* [TASK STATEMENT]:
Write the records out again. Match them exactly.

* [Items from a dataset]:
————
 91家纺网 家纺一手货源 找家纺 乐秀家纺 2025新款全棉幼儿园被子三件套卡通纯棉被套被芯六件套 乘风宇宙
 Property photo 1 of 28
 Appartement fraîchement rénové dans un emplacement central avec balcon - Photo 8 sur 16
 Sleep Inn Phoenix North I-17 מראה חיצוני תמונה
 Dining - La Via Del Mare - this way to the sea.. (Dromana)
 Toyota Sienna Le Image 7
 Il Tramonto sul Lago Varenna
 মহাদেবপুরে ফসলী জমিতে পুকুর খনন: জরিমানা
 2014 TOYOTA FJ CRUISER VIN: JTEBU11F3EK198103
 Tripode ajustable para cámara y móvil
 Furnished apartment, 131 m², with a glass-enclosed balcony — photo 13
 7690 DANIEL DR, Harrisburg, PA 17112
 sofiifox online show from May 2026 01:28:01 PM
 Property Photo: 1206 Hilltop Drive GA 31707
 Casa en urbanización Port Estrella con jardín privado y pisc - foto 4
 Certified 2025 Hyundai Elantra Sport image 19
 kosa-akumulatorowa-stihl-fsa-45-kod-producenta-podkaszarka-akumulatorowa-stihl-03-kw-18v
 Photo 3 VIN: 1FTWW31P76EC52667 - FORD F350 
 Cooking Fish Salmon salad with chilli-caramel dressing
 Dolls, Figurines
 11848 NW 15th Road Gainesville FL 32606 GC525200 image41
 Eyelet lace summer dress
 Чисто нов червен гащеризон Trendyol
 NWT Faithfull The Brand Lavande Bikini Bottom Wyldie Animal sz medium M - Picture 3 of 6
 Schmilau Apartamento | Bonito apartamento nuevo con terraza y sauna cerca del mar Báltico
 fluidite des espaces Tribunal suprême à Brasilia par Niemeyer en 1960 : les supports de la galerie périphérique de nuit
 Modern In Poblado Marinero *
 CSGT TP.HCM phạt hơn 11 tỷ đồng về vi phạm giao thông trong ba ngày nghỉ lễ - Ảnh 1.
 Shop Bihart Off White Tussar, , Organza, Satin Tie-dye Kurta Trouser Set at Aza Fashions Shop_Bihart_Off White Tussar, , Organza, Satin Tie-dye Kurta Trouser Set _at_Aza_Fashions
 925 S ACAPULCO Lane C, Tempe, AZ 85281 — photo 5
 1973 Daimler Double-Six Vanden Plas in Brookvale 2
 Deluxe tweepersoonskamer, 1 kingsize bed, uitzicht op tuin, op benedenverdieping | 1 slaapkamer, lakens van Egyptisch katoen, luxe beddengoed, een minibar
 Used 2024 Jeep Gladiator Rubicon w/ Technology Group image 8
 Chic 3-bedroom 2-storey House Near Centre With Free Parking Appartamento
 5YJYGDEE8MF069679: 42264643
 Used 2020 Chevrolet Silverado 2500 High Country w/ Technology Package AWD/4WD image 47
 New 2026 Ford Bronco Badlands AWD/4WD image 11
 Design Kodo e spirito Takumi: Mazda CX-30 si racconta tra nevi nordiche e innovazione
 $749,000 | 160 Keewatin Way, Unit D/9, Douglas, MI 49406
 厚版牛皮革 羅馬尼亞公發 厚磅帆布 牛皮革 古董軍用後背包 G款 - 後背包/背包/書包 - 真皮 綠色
————
* [TASK RESULT]:
 91家纺网 家纺一手货源 找家纺 乐秀家纺 2025新款全棉幼儿园被子三件套卡通纯棉被套被芯六件套 乘风宇宙
 Property photo 1 of 28
 Appartement fraîchement rénové dans un emplacement central avec balcon - Photo 8 sur 16
 Sleep Inn Phoenix North I-17 מראה חיצוני תמונה
 Dining - La Via Del Mare - this way to the sea.. (Dromana)
 Toyota Sienna Le Image 7
 Il Tramonto sul Lago Varenna
 মহাদেবপুরে ফসলী জমিতে পুকুর খনন: জরিমানা
 2014 TOYOTA FJ CRUISER VIN: JTEBU11F3EK198103
 Tripode ajustable para cámara y móvil
 Furnished apartment, 131 m², with a glass-enclosed balcony — photo 13
 7690 DANIEL DR, Harrisburg, PA 17112
 sofiifox online show from May 2026 01:28:01 PM
 Property Photo: 1206 Hilltop Drive GA 31707
 Casa en urbanización Port Estrella con jardín privado y pisc - foto 4
 Certified 2025 Hyundai Elantra Sport image 19
 kosa-akumulatorowa-stihl-fsa-45-kod-producenta-podkaszarka-akumulatorowa-stihl-03-kw-18v
 Photo 3 VIN: 1FTWW31P76EC52667 - FORD F350 
 Cooking Fish Salmon salad with chilli-caramel dressing
 Dolls, Figurines
 11848 NW 15th Road Gainesville FL 32606 GC525200 image41
 Eyelet lace summer dress
 Чисто нов червен гащеризон Trendyol
 NWT Faithfull The Brand Lavande Bikini Bottom Wyldie Animal sz medium M - Picture 3 of 6
 Schmilau Apartamento | Bonito apartamento nuevo con terraza y sauna cerca del mar Báltico
 fluidite des espaces Tribunal suprême à Brasilia par Niemeyer en 1960 : les supports de la galerie périphérique de nuit
 Modern In Poblado Marinero *
 CSGT TP.HCM phạt hơn 11 tỷ đồng về vi phạm giao thông trong ba ngày nghỉ lễ - Ảnh 1.
 Shop Bihart Off White Tussar, , Organza, Satin Tie-dye Kurta Trouser Set at Aza Fashions Shop_Bihart_Off White Tussar, , Organza, Satin Tie-dye Kurta Trouser Set _at_Aza_Fashions
 925 S ACAPULCO Lane C, Tempe, AZ 85281 — photo 5
 1973 Daimler Double-Six Vanden Plas in Brookvale 2
 Deluxe tweepersoonskamer, 1 kingsize bed, uitzicht op tuin, op benedenverdieping | 1 slaapkamer, lakens van Egyptisch katoen, luxe beddengoed, een minibar
 Used 2024 Jeep Gladiator Rubicon w/ Technology Group image 8
 Chic 3-bedroom 2-storey House Near Centre With Free Parking Appartamento
 5YJYGDEE8MF069679: 42264643
 Used 2020 Chevrolet Silverado 2500 High Country w/ Technology Package AWD/4WD image 47
 New 2026 Ford Bronco Badlands AWD/4WD image 11
 Design Kodo e spirito Takumi: Mazda CX-30 si racconta tra nevi nordiche e innovazione
 $749,000 | 160 Keewatin Way, Unit D/9, Douglas, MI 49406
 厚版牛皮革 羅馬尼亞公發 厚磅帆布 牛皮革 古董軍用後背包 G款 - 後背包/背包/書包 - 真皮 綠色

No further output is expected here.